As "Casey at the Bat" survives the culture of recitation, the game's shape and import survive its intimate origins. Not without change: If the five thousand ghosts of the Mudville crowd, drinking a Mississippi of blood to turn solid, reconstituted themselves on a Friday night at Three Rivers Stadium to witness combat between Cincinnati's team and Pittsburgh's, they would gape in spiritual astonishment at the zircon-light of a distant diamond under velvet darkness, at the pool-table green of imitation grass, at amenities of Lite, at the wave, at the skin color of many players, at tight uniforms, and at a scoreboard that showed moving pictures of what just happened.

 

But in their ectoplasmic witness they would also observe the template of an unaltered game. They would watch a third baseman move to his left, stopping the ball with his chest, picking the ball up to throw the runner out; or a second baseman flipping underhand to a shortstop pivoting toward first for the double play, or an outfielder charging a line drive while setting himself to throw. Above all, they would see a pitcher facing a batter late in the game with men on base. They would see a clean-up man approaching the batter's box with defiance curling his lip. "Casey at the Bat" survives -to begin with - because it crystallizes baseball's moment, the medallion carved at the center of the game, where pitcher and batter confront each other.

 

There are other reasons, literary and historical. When a poem is so popular, one needs to quote Mallarmé again, and observe that poems are made of words. "Casey" 's language is a small consistent comic triumph of irony. The diction is mock heroic, big words for small occasions: When a few fans go home in the ninth inning, they depart not in discouragement or disdain but "in deep despair." The remaining five thousand require a learned allusion: In his Essay on Man, Alexander Pope wrote that "Hope springs eternal in the human breast," and Thayer of course knew the source of his saw; but Pope like Shakespeare is largely composed of book titles and proverbs: Thayer uses Pope not as literary allusion but as appeal to common knowledge by way of common elevated sentiment.

 

Elevation is fundamental: Despite the flicker of hope, the crowd is a "grim multitude" - language appropriate to Milton's hell - and if the hero is mocked, hero-worshippers are twice mocked. Thayer's poetic similes are Homeric - as if Achilles faced Hector instead of Casey the pitcher. (If Casey is not quite Achilles, at least he is Ajax.) Imagery of noise, loud in Homer and his echo Virgil, rouses Thayer to exalted moments: A yell "rumbled through the valley, it rattled in the dell;! It knocked upon the mountain and recoiled upon the flat." This yell is cousin to the "roar!

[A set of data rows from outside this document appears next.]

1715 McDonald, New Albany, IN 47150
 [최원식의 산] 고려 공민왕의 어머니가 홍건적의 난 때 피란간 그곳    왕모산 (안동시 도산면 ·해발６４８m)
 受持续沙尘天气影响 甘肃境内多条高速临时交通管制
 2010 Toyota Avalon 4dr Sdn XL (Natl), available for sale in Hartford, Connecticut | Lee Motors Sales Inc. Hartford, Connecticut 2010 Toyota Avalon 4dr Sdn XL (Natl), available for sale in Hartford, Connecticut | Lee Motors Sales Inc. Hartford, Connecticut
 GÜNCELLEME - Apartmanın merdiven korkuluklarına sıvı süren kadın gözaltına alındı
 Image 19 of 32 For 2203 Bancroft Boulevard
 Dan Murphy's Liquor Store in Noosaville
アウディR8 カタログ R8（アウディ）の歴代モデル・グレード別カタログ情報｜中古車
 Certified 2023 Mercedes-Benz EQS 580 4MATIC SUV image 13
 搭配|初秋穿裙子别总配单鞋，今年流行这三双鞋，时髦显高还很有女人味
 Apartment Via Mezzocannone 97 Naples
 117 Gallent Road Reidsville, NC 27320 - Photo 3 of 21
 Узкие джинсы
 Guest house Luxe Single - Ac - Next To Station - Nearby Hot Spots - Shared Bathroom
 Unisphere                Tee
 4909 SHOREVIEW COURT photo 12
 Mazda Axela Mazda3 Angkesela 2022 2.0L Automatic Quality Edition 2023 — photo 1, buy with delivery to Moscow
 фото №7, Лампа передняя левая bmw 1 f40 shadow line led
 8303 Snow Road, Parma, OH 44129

Like the beating of the storm waves on a stern and distant shore." It is noise again when Thayer's crowd reacts to a called strike: "'Fraud!' cried the maddened thousands, and echo answered fraud." These days at Fenway Park the bleacherites divide themselves for a rhythmic double chant, but they do not say "Fraud." When they feel polite they cry "Less filling" and echo answers "Tastes great."

 

Possibly crowds were not chanting "Fraud" in the 1880s either. It was a major form of Victorian humor to elevate diction over circumstance. Mr. Micawber soared into periphrastic euphemism to admit that he as in debt; W. C. Fields was an orotund low-comedy grandson. For a hundred years it was witty or amusing to call kissing osculation, and to refer to a house as a domicile. If somebody missed our tone, we sounded pompous, but usually people understood us: When we enjoyed something common or vulgar (like baseball) we could show a humorous affection for it, yet retain our superiority, by calling the ball a spheroid.

 

This habit of language has not entirely disappeared, but more and more it looks like an Anglophile or academic tic. The late poet and renowned advocate of baseball, Marianne Moore, always talked this way, never more than when she spoke of the game. When she identified the Giants' pitcher, "Mr. Mathewson," we are told that she noted: "I've read his instructive book on the art of pitching, and it's a pleasure to note how unerringly his execution supports his theories." Another St. Louis poet was T. S. Eliot, born the same year as "Casey," and like Moore expert in the humor of a polysyllabic synonym for a homely word. Eliot is the most eminent poet influenced by "Casey at the Bat." Old Possum's Book of Practical Cats includes "Growltiger's Last Stand," conflation of Custer and Casey, written in metrical homage and in allusion: "Oh there was joy in Wapping when the news flew through the land. . . ." Growltiger is a vicious fellow, racist or at least nationalist ("But most to Cats of foreign race his hatred has been vowed"), and loathed by felines of an Asian provenance. Absorbed in romantic adventure he is surrounded by a "fierce Mongolian horde," captured, and made to walk the plank.

 

Illustration by Errol Le Cain of T. S. Eliot's "Growltiger's Last Stand"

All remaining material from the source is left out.